• _Assignment_
Lines from the one containing "Vintage Cars Wrapping Paper Geschenkpapier" through the end of the material are to be retyped exactly; do not copy pictures.

• _The data_
------------------------------------

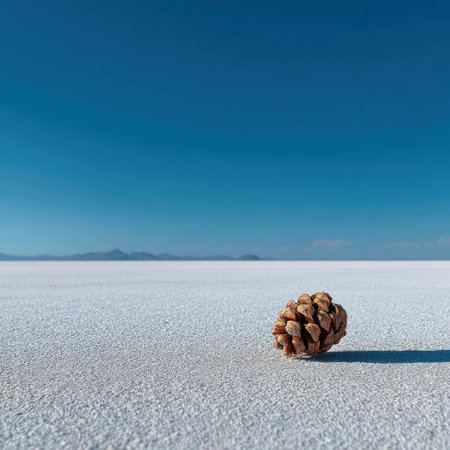 A detailed image features a single pine cone resting on a vast white surface, likely a salt flat. The composition is simple, with a clear blue sky providing a striking contrast. The scene is illuminated by bright sunlight creating shadows. Suitable for use in a variety of commercial and editorial contexts.の素材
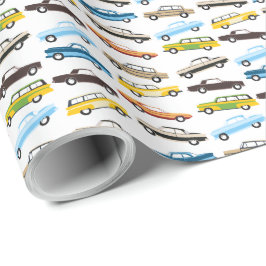 Vintage Cars Wrapping Paper Geschenkpapier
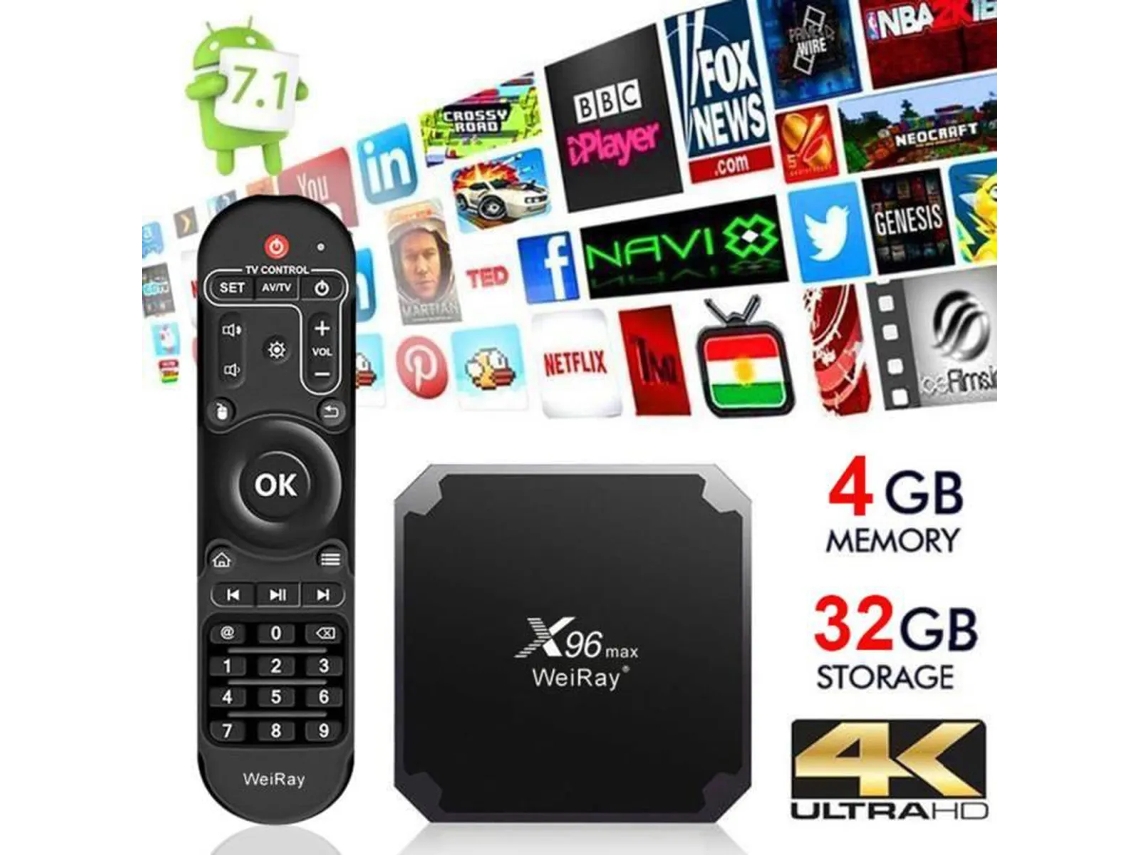 Box Smart TV LAMZIEN X96 Max (Android - 4K Ultra HD - 4 GB Ram - Wi-Fi)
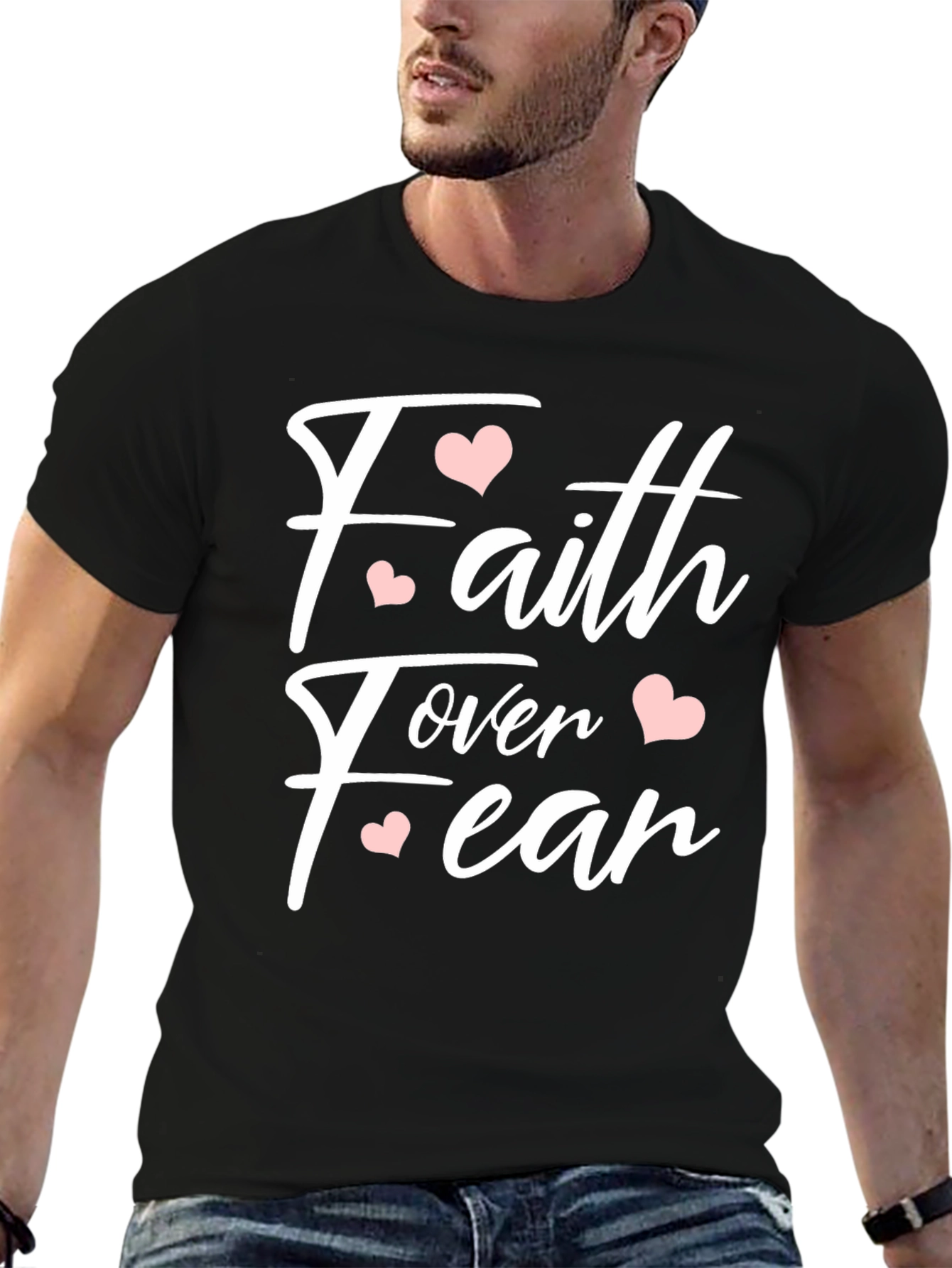 Faith Over Fear Heart Graphic Tee - Black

------------------------------------

• _Solved problem_
 Vintage Cars Wrapping Paper Geschenkpapier
 Box Smart TV LAMZIEN X96 Max (Android - 4K Ultra HD - 4 GB Ram - Wi-Fi)
 Faith Over Fear Heart Graphic Tee - Black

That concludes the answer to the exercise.